I second Jorn: don't deploy Tesseract + Tika on the same server as Solr.
Tesseract, specially with OCR enabled, will drain your machine resources
that could be used to indexing/searching. In addition to that, any
malformed PDF could potentially shutdown the Solr server. Best bet would be
to use tika-server + tesseract on a dedicated server/container and then use
it to extract the text/ocr from the documents and then send it to Solr.

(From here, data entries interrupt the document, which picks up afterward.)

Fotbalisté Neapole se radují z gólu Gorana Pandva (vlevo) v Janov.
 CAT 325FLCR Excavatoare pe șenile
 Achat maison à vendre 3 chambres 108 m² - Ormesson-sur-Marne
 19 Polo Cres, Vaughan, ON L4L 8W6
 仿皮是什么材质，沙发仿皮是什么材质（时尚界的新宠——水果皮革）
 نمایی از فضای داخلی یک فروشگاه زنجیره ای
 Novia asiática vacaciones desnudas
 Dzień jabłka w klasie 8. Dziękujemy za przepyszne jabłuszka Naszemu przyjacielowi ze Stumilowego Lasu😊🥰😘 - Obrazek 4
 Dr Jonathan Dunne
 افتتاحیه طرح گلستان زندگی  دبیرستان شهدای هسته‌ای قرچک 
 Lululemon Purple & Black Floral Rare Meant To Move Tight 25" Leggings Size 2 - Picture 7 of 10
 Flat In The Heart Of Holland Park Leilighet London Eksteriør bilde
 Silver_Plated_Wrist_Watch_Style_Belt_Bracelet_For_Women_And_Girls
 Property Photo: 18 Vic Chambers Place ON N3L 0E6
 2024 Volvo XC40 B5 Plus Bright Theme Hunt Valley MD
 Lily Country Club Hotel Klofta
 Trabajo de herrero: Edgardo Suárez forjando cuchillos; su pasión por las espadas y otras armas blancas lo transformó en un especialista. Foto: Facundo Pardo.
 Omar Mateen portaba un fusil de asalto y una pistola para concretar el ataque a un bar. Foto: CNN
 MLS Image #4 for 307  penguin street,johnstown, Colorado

But answering your question: Solr embeds Tika that can be configured to use
Tesseract. It's Tika that knows about Tesseract. See here:
https://cwiki.apache.org/confluence/display/TIKA/TikaOCR for more
information.
Best regards,
Edward
On Tue, Feb 11, 2020 at 3:26 PM Jörn Franke wrote:
> Honestly i would not run tesseract on the same server as Solr. It takes a
> lot of resources and may negatively impact Solr. Just write a small program
> using Tika+Tesseract that runs on a different server / container and posts
> the results to Solr.
>
> About your question: Probably Tika (a dependency of Solr) figured it out
> or depending on your format Pdfbox (used by Tika).
>
> > Am 11.02.2020 um 19:15 schrieb Karan Jain :
> >
> > Hi All,
> >
> > The Solr version 7.6.0 is running on my local machine. I have installed
> > Tesseract through following steps:-
> > yum install tesseract echo export PATH=$PATH:/usr/share/tesseract
> >>> ~/.bash_profile
> > echo export TESSDATA_PREFIX=/usr/share/tesseract >>~/.bash_profile
> >
> > Now the deployed Solr is supporting tesseract. I searched TESSDATA_PREFIX
> > in https://github.com/apache/lucene-solr and found no reference there. I
> > could not understand How Solr came to know about the deployed tesseract.
> > Please tell the specific java class in Solr if possible.
> >
> > Thanks for your time,
> > Best,
> > Karan
>